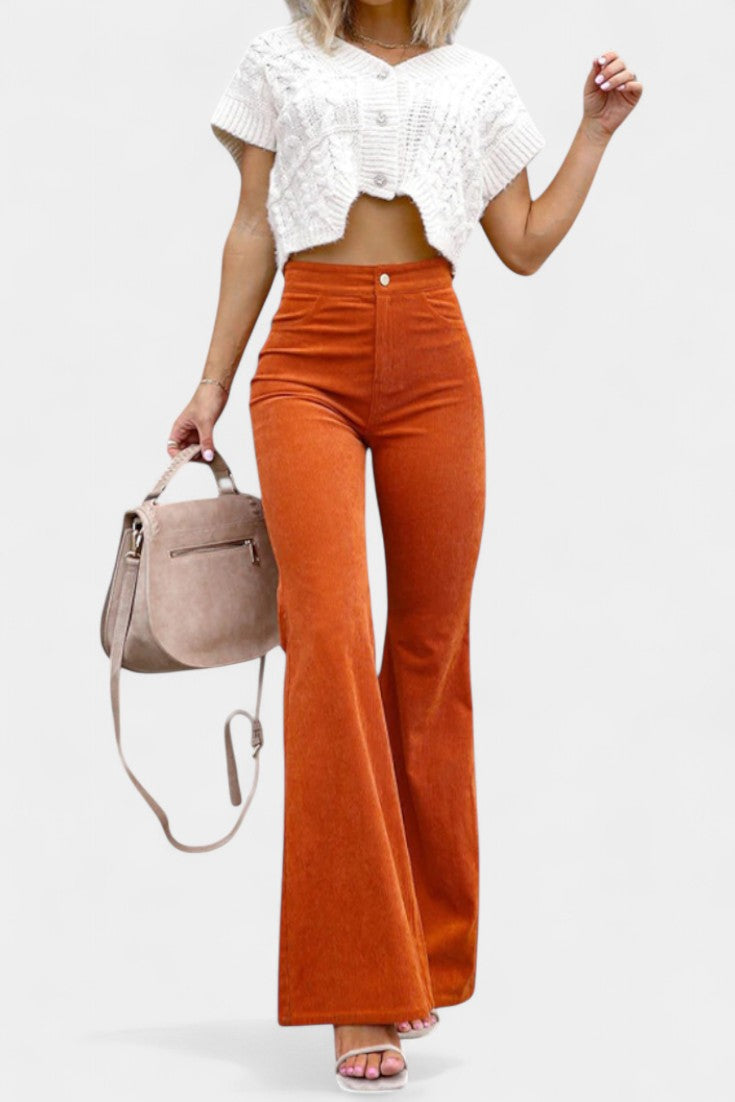Kiara | Pantalones de Terciopelo de Pierna Ancha de Cintura Alta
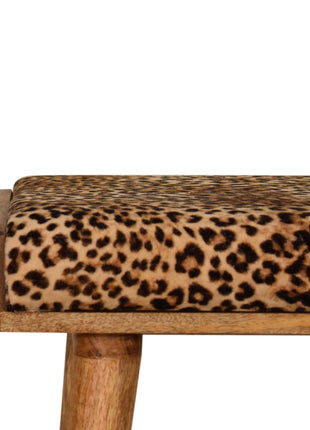 Leopard Velvet Tray Style Footstool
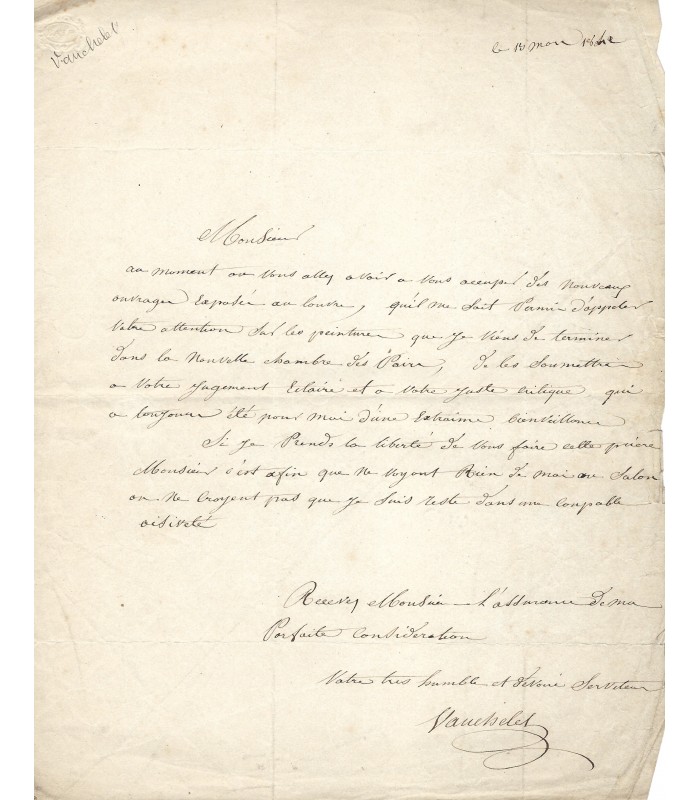 VAUCHELET Théophile Auguste, peintre d'histoire. Lettre autographe (E 10815)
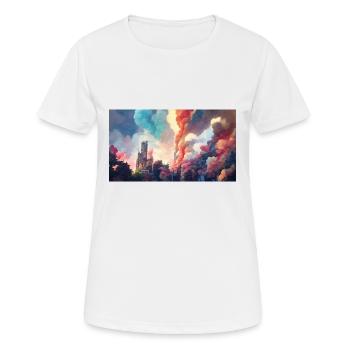 Buntes Industrielles - Frauen T-Shirt atmungsaktiv - Weiß - Vorne - AI Model Female 172 dark (172cm)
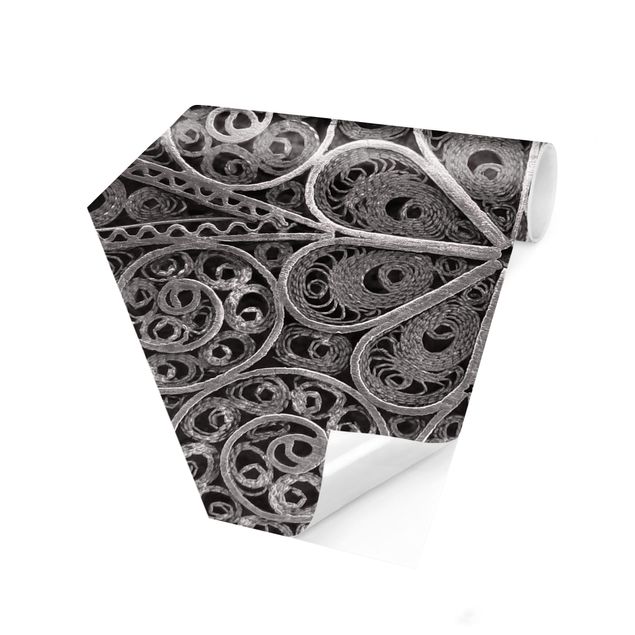 Hexagonala tapeter Metal Ornamentation Mandala In Silver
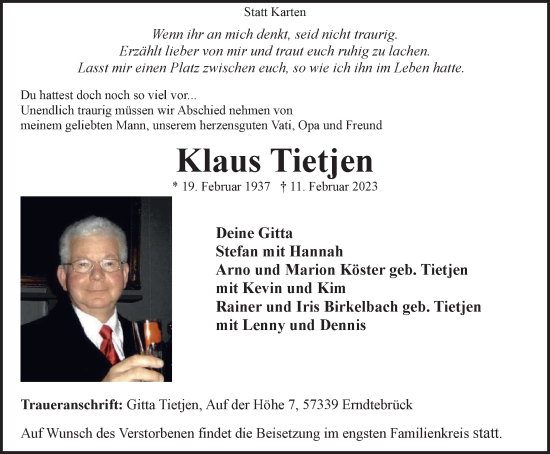 Traueranzeige von Klaus Tietjen von Tageszeitung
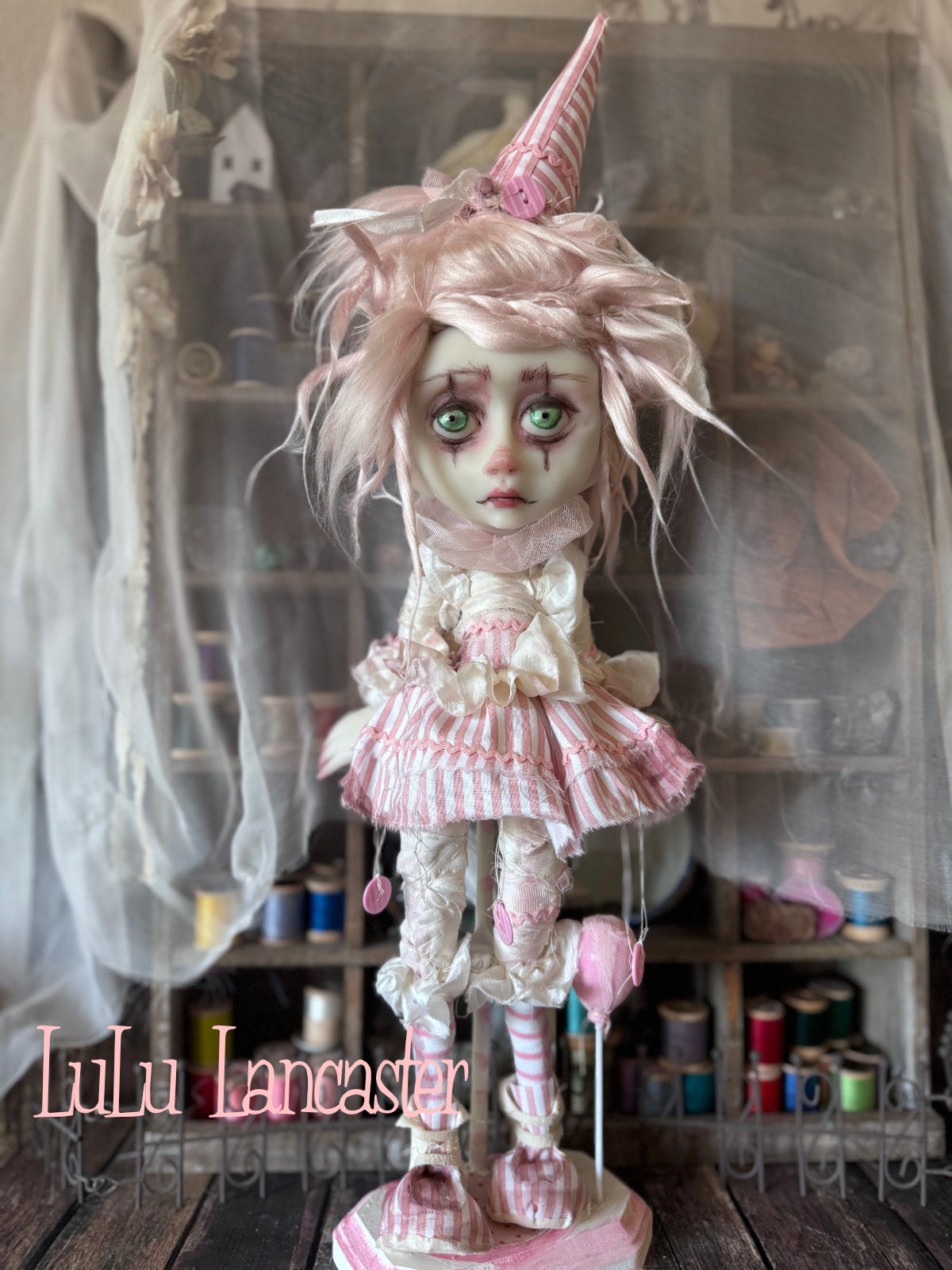 Just Pinky Poupee the Clown Original LuLu Lancaster Art Doll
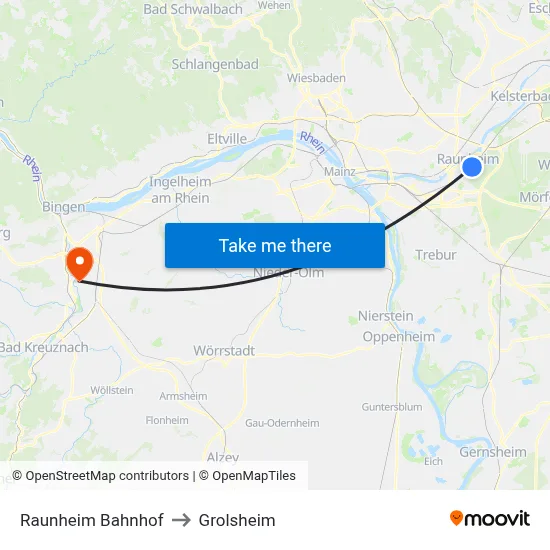 Raunheim Bahnhof to Grolsheim map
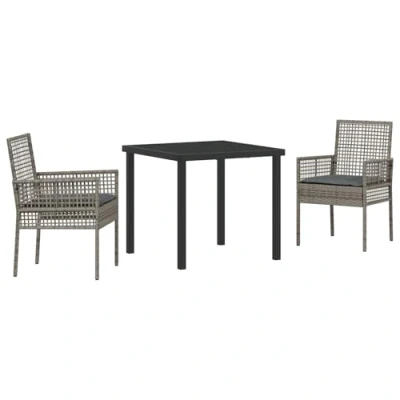 Afbeelding van vidaXL 3 delige Tuin Eettafel Set met Kussens Grijs Poly Rattan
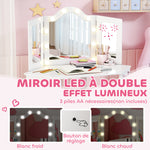 Coiffeuse enfant 2 en 1 avec tabouret miroir triptyque et lumières LED bicolores  93,6 x 48,5 x 111,5 cm blanc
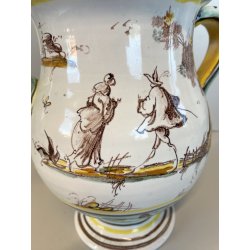 BROCCA VERSATOIO CERAMICA Albisola SAVONA DECORO CALLIGRAFICO PAESAGGIO FIGURE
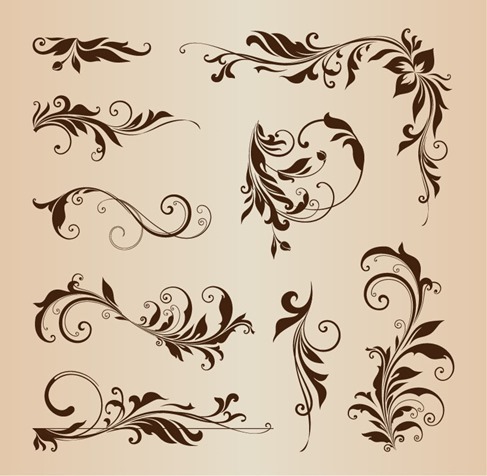 Floral Design Element Collection Vector Illustration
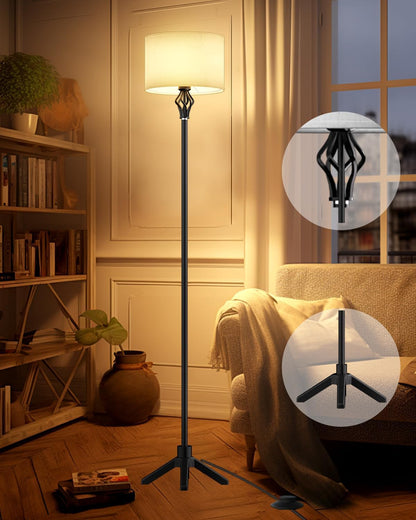 Lightdot 60IN Dimmable (Brightness Adjustable) Pink Floor Lamp, Mid Century Standing Lamps with 3 Globe Soft Warm White Eye Care 3000K Bulbs Included, Modern Tall Lamp for Bedroom Office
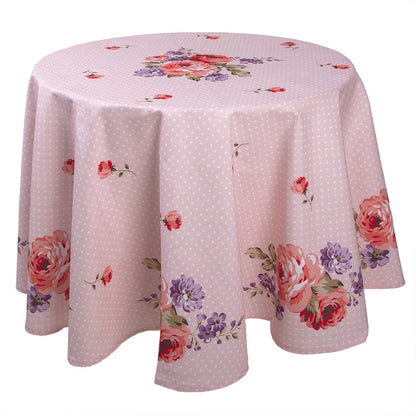 Tafelkleed rond Ø 170 cm katoen rozen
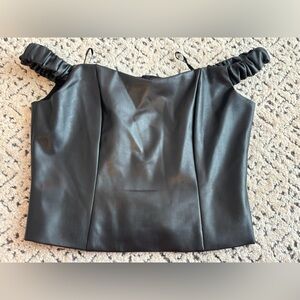 NWT Dynamite Bare PU Off Shoulder faux leather Top Jet Black XS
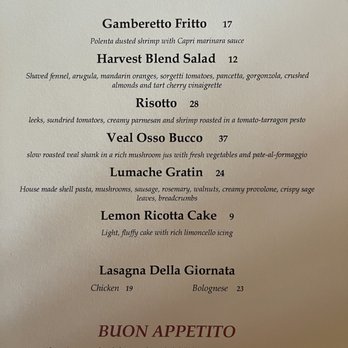 Capri - Menu - Italian Near Me - Indianapolis, Indiana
---------------
DIRECTIONS FOR THIS TASK:
In the copy, include each line from the start of the material through the line with "Tafelkleed rond Ø 170 cm katoen rozen", word for word, but none of the pictures.

YOUR SOLUTION:
Kiara | Pantalones de Terciopelo de Pierna Ancha de Cintura Alta
 Leopard Velvet Tray Style Footstool
 VAUCHELET Théophile Auguste, peintre d'histoire. Lettre autographe (E 10815)
 Buntes Industrielles - Frauen T-Shirt atmungsaktiv - Weiß - Vorne - AI Model Female 172 dark (172cm)
 Hexagonala tapeter Metal Ornamentation Mandala In Silver
 Traueranzeige von Klaus Tietjen von Tageszeitung
 Just Pinky Poupee the Clown Original LuLu Lancaster Art Doll
 Raunheim Bahnhof to Grolsheim map
 Afbeelding van vidaXL 3 delige Tuin Eettafel Set met Kussens Grijs Poly Rattan
 Coiffeuse enfant 2 en 1 avec tabouret miroir triptyque et lumières LED bicolores  93,6 x 48,5 x 111,5 cm blanc
 BROCCA VERSATOIO CERAMICA Albisola SAVONA DECORO CALLIGRAFICO PAESAGGIO FIGURE
 Floral Design Element Collection Vector Illustration
 Lightdot 60IN Dimmable (Brightness Adjustable) Pink Floor Lamp, Mid Century Standing Lamps with 3 Globe Soft Warm White Eye Care 3000K Bulbs Included, Modern Tall Lamp for Bedroom Office
 Tafelkleed rond Ø 170 cm katoen rozen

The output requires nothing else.